Kepala Pusat Studi Ekonomi dan Kebijakan Publik Universitas Gadjah Mada, Yogyakarta, A Tony Prasetiantono berpendapat, keputusan Bank Indonesia mempertahankan BI Rate tepat.
”Tidak ada alasan bagi BI untuk menurunkan suku bunga acuan karena menjelang Idul Fitri inflasi akan lebih tinggi dibandingkan bulan-bulan lainnya,” kata Tony.
Selain faktor internal ekonomi makro Indonesia, keputusan BI juga diambil setelah Bank Sentral AS mengumumkan penghentian pembelian obligasi pada Oktober 2014. Jika suku bunga acuan diturunkan, nilai tukar rupiah bisa melemah.
BI menyebutkan, tekanan depresiasi terhadap nilai tukar rupiah meningkat pada Juni 2014. Secara rata-rata, rupiah melemah 3,03 persen dari Mei 2014, menjadi Rp 11.892 per dollar AS.
BI menyebutkan, perekonomian domestik pada triwulan II-2014 masih menunjukkan tren melambat. Kendati tumbuh cukup kuat, konsumsi rumah tangga diperkirakan melambat, yang diindikasikan, antara lain, oleh melambatnya indeks penjualan eceran dan penjualan mobil.

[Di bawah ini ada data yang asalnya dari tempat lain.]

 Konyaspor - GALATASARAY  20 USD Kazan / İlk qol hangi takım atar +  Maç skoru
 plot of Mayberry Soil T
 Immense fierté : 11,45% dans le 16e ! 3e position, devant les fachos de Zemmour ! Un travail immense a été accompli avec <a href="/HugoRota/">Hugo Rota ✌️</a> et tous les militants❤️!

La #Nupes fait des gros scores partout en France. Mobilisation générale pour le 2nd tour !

”Perbaikan ekonomi global masih terus berlangsung, tetapi lebih rendah dibandingkan perkiraan sebelumnya karena terjadi koreksi proyeksi pertumbuhan ekonomi Amerika Serikat,” kata Direktur Eksekutif Departemen Komunikasi BI Tirta Segara di Jakarta, kemarin.
Kredit lebih tinggi
Kredit perbankan pada 2015 diperkirakan lebih baik dibandingkan pada 2014. Pertumbuhan itu didorong kinerja perekonomian nasional yang meningkat setelah pemilu usai.
Direktur Keuangan PT Bank Rakyat Indonesia (Persero) Tbk Achmad Baiquni menjelaskan, hingga tahun ini, kebijakan uang ketat mungkin masih akan berlangsung. Hal ini merupakan konsekuensi melambatnya pertumbuhan ekonomi dan pembatasan pertumbuhan penyaluran kredit.

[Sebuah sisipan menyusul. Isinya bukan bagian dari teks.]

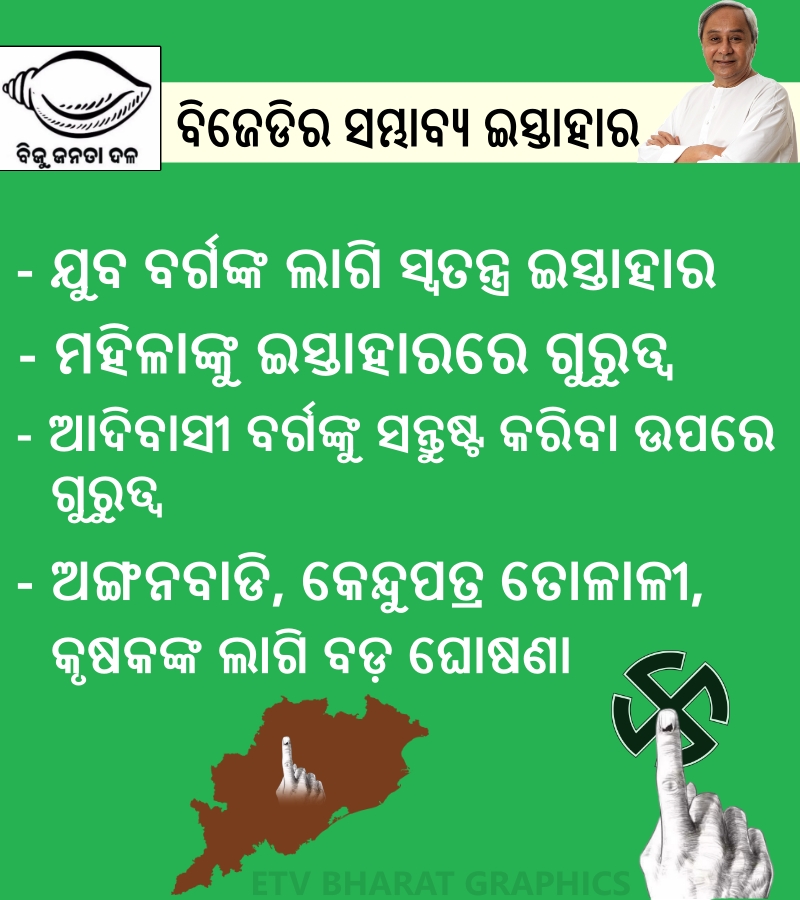 ଆଜି ଆସିବ ବିଜେଡି ଇସ୍ତାହାର: କେଉଁ ବର୍ଗଙ୍କୁ ଅଧିକ ଫୋକସ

”Tahun depan, kami berharap kredit BRI bisa tumbuh 20-22 persen. Sampai Juni tahun ini, pertumbuhan kredit BRI sesuai arahan otoritas, yakni 15-17 persen,” kata Baiquni, kemarin.
Otoritas Jasa Keuangan (OJK) dan BI mengarahkan pertumbuhan kredit pada 2014 di rentang 15-17 persen.
Pertumbuhan ekonomi 2015 ditargetkan 5,3-57 persen dan inflasi turun menjadi 3-5 persen. Tahun ini, ekonomi diprediksi tumbuh 5,1-5,5 persen.
”Melihat proyeksi pertumbuan ekonomi, penyaluran kredit bisa tumbuh,” kata Tirta Segara.
Secara terpisah, Direktur Konsumer dan Ritel PT Bank Negara Indonesia (Persero) Tbk Darmadi Sutanto mengatakan, per semester I-2014, kredit konsumer BNI tumbuh 15 persen secara tahunan. Hingga akhir tahun, kredit konsumer diperkirakan tumbuh 15-16 persen.
Darmadi memperkirakan, pertumbuhan kredit konsumer BNI 2015 berkisar 17-18 persen. ”Dengan adanya presiden baru, membaiknya kondisi neraca perdagangan, inflasi, stabilitas nilai tukar, dan terutama pengurangan subsidi BBM, kami optimistis PDB naik. Kalau sekarang 5,1-5,2 persen, tahun depan diperkirakan di atas itu,” kata Darmadi.
Kondisi tersebut akan mendorong pergerakan ekonomi yang akan menolong pertumbuhan ekonomi secara keseluruhan.
Kredit industri perbankan per Maret 2014 sebesar Rp 3.334 triliun, tumbuh 19,61 secara tahunan.(AHA/CAS)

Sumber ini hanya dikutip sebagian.